*Task*:
Nothing but the lines from the top of the records through the line with "Soldiers seen inspecting" should be returned, exactly, and without pictures.

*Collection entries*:
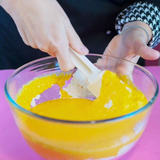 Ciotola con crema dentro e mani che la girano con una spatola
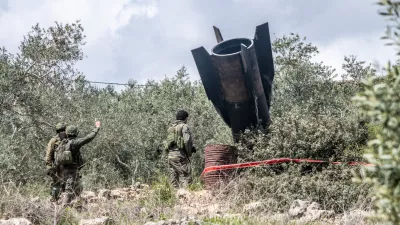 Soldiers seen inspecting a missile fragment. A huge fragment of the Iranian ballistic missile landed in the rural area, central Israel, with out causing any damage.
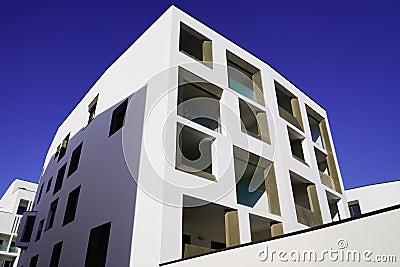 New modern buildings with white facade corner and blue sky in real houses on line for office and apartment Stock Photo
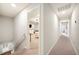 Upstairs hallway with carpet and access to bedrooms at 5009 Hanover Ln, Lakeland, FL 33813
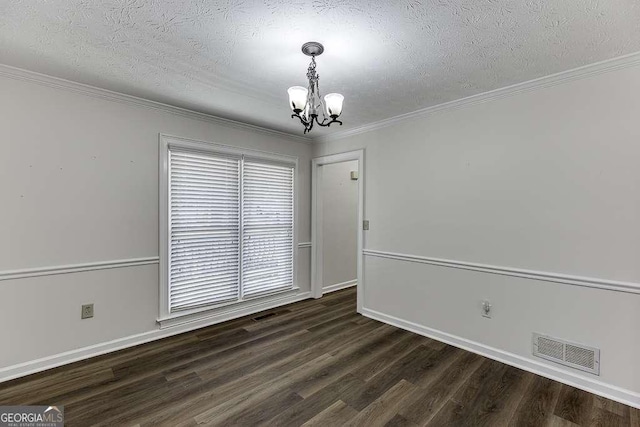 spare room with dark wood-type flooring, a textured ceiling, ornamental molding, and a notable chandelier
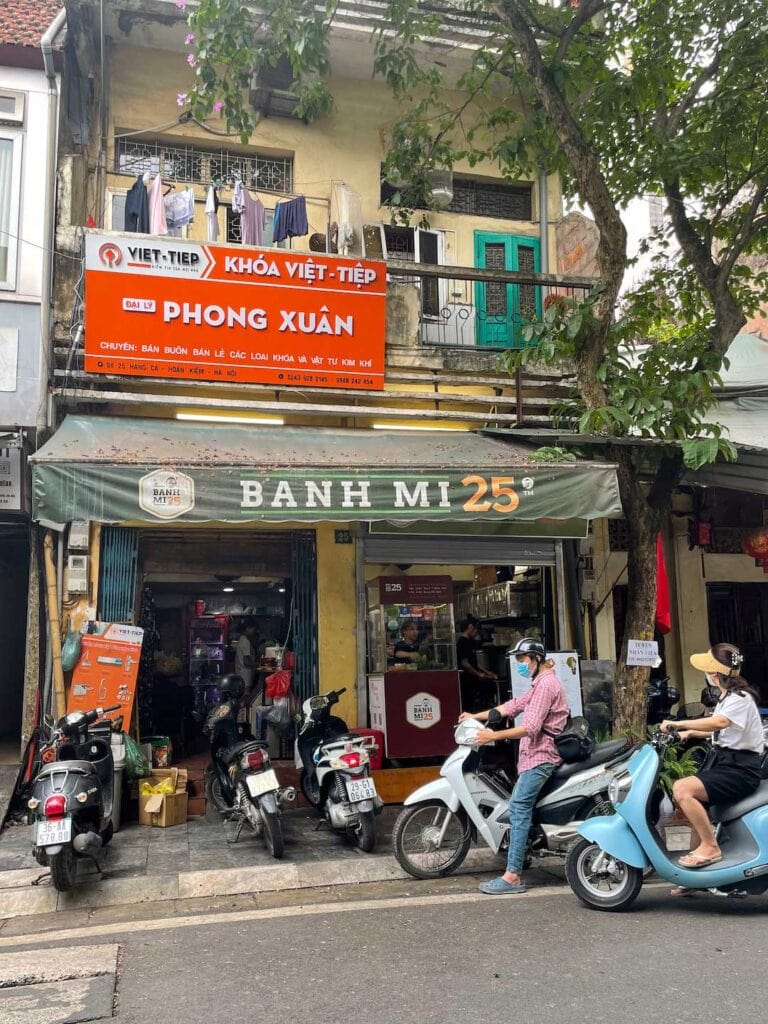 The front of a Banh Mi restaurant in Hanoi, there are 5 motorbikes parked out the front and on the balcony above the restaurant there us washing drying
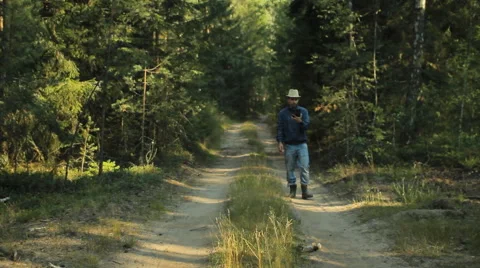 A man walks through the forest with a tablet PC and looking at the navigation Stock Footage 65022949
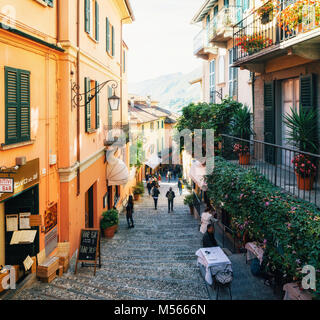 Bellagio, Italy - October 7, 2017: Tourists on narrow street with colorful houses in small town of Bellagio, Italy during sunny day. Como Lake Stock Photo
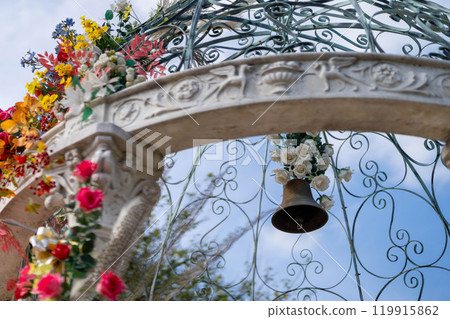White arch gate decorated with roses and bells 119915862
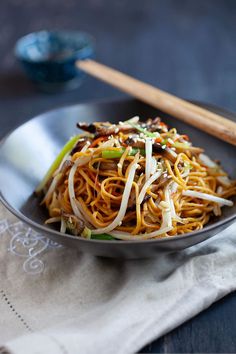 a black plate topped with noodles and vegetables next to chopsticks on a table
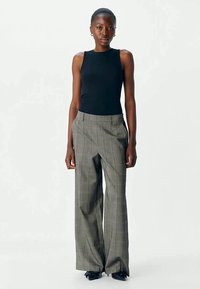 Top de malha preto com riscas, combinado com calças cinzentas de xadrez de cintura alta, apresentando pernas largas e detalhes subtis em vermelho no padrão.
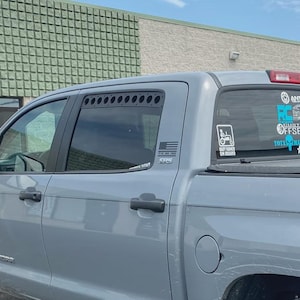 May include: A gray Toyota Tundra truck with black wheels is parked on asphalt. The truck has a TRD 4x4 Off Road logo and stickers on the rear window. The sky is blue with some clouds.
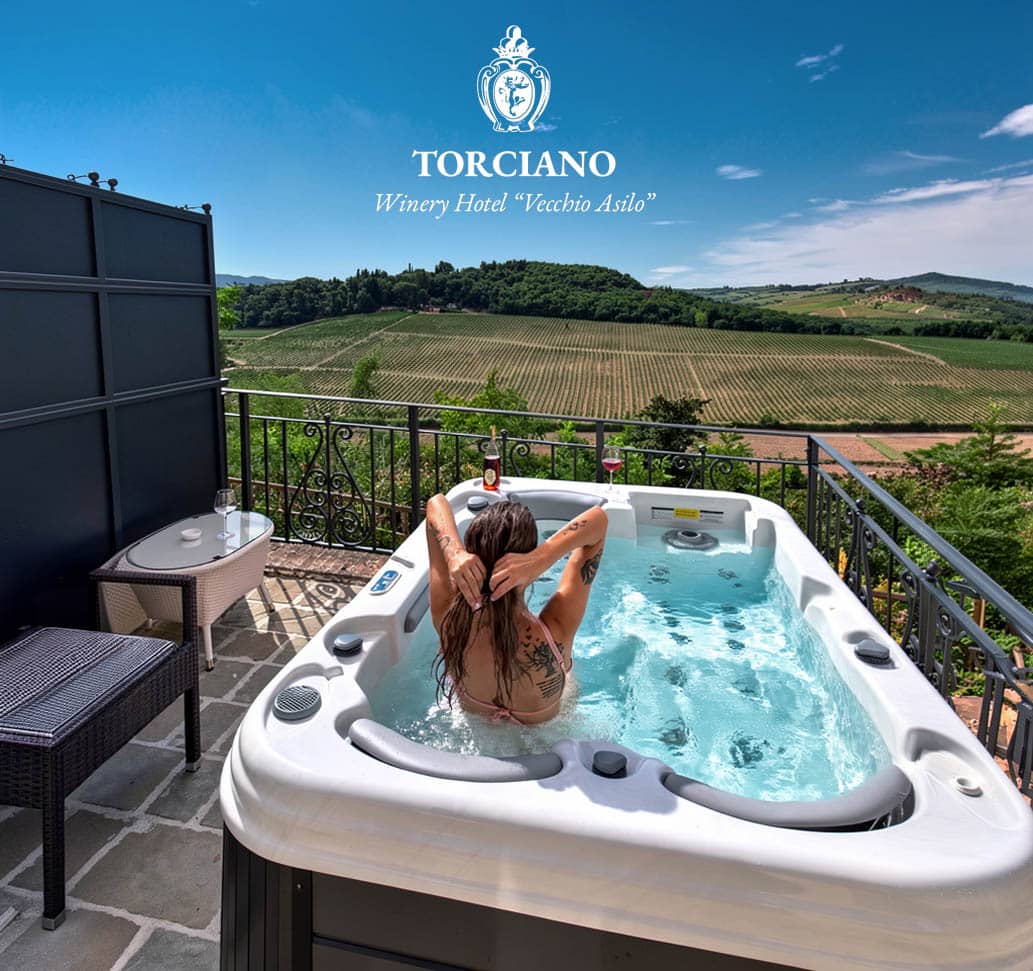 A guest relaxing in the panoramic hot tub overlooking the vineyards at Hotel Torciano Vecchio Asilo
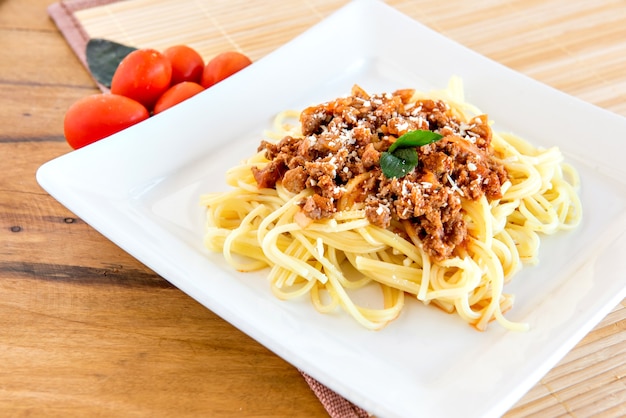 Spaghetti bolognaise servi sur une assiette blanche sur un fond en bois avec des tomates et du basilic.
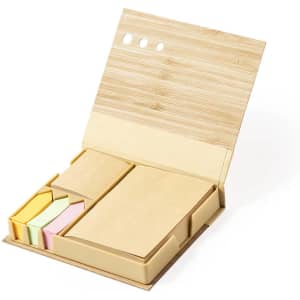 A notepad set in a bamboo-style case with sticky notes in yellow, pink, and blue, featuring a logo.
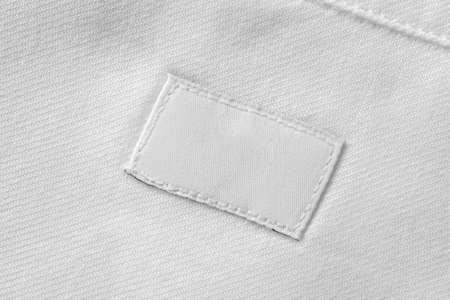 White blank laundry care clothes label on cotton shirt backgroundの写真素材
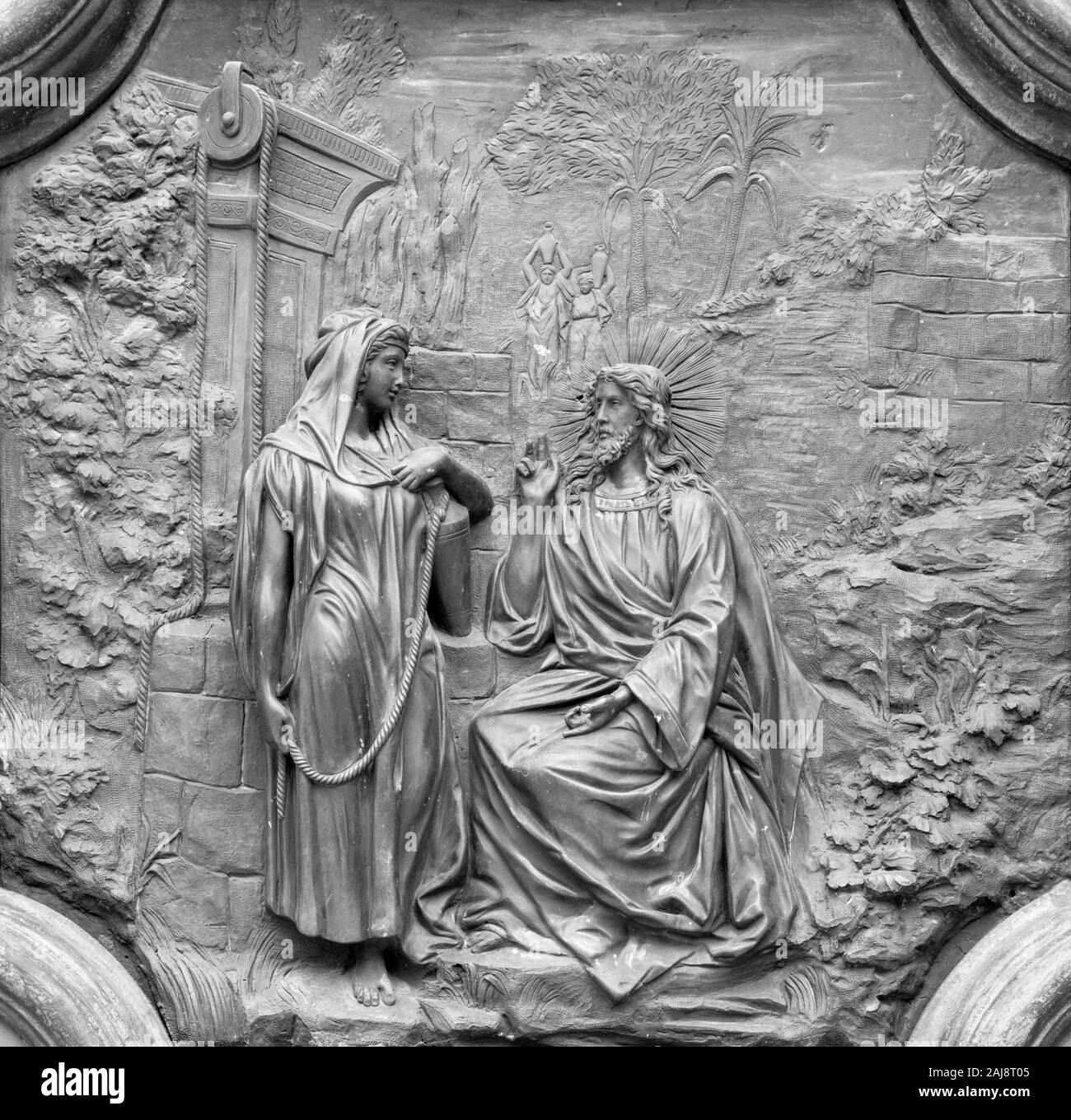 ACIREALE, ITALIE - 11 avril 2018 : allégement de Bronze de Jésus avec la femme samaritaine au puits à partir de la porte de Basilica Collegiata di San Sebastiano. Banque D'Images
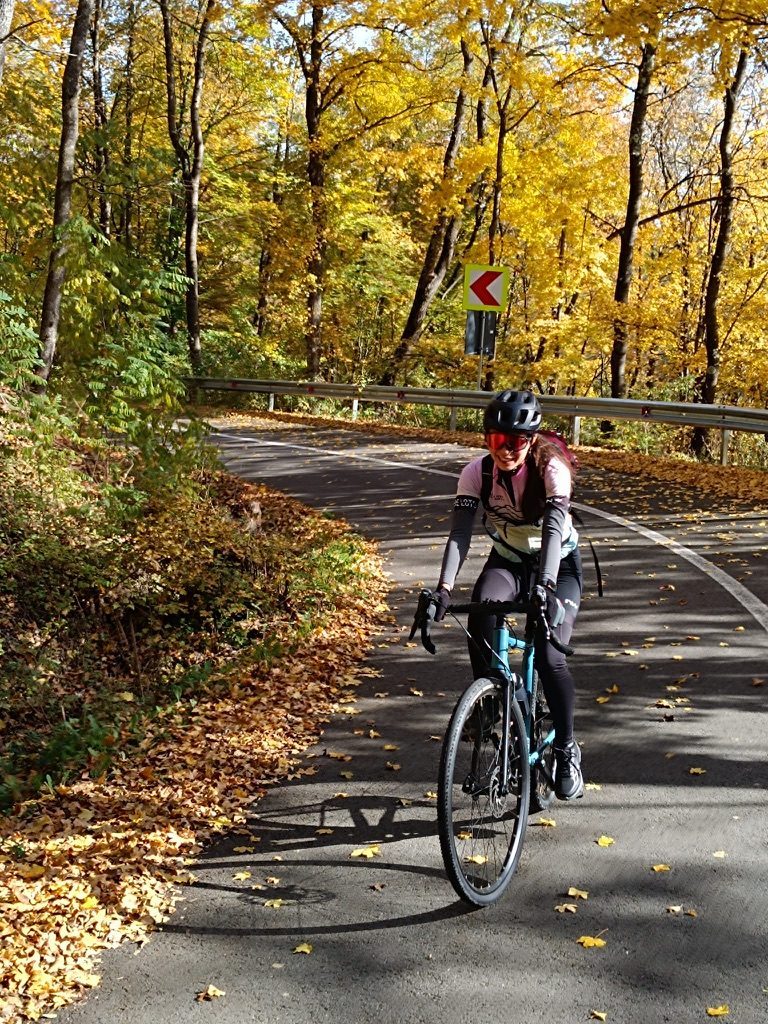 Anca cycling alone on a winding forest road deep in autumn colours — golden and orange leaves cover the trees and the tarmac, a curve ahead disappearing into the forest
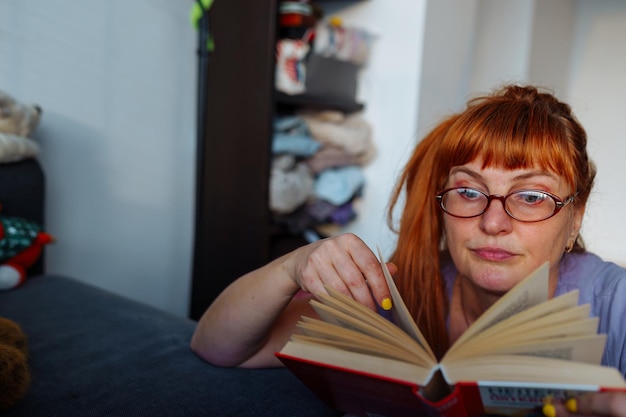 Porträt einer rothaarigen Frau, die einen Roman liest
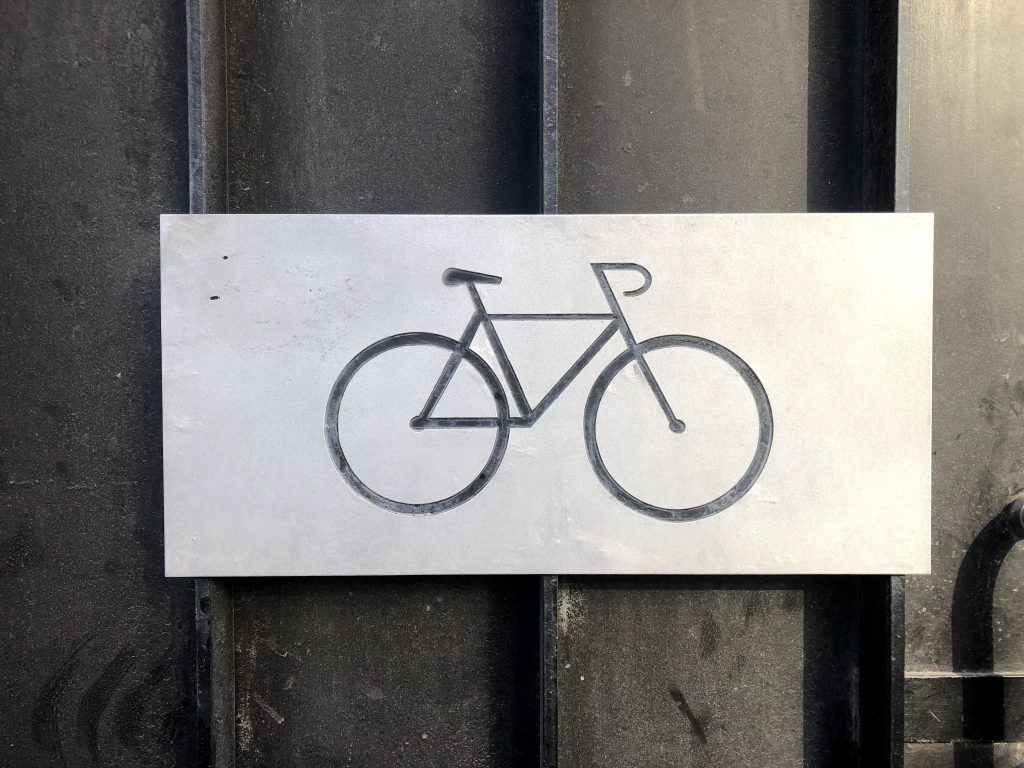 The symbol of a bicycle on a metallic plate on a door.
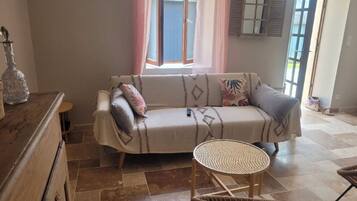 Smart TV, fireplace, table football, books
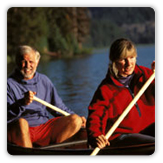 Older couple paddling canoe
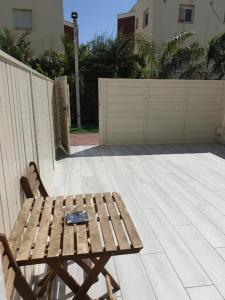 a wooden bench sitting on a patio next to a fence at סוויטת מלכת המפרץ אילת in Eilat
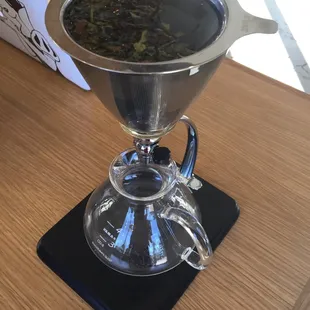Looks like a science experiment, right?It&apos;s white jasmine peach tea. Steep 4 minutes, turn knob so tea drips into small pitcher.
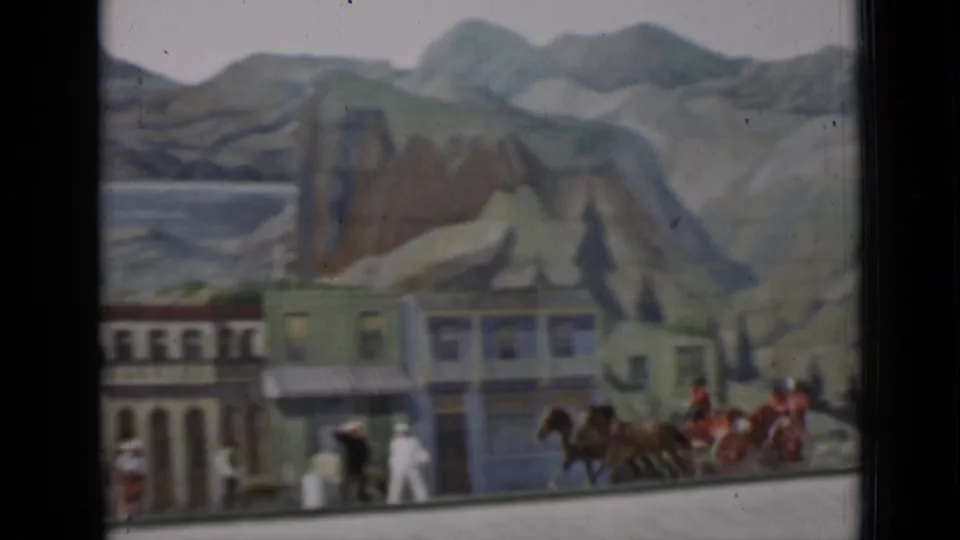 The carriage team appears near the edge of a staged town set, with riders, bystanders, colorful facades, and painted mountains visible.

*Response to the exercise*:
 Ciotola con crema dentro e mani che la girano con una spatola
 Soldiers seen inspecting a missile fragment. A huge fragment of the Iranian ballistic missile landed in the rural area, central Israel, with out causing any damage.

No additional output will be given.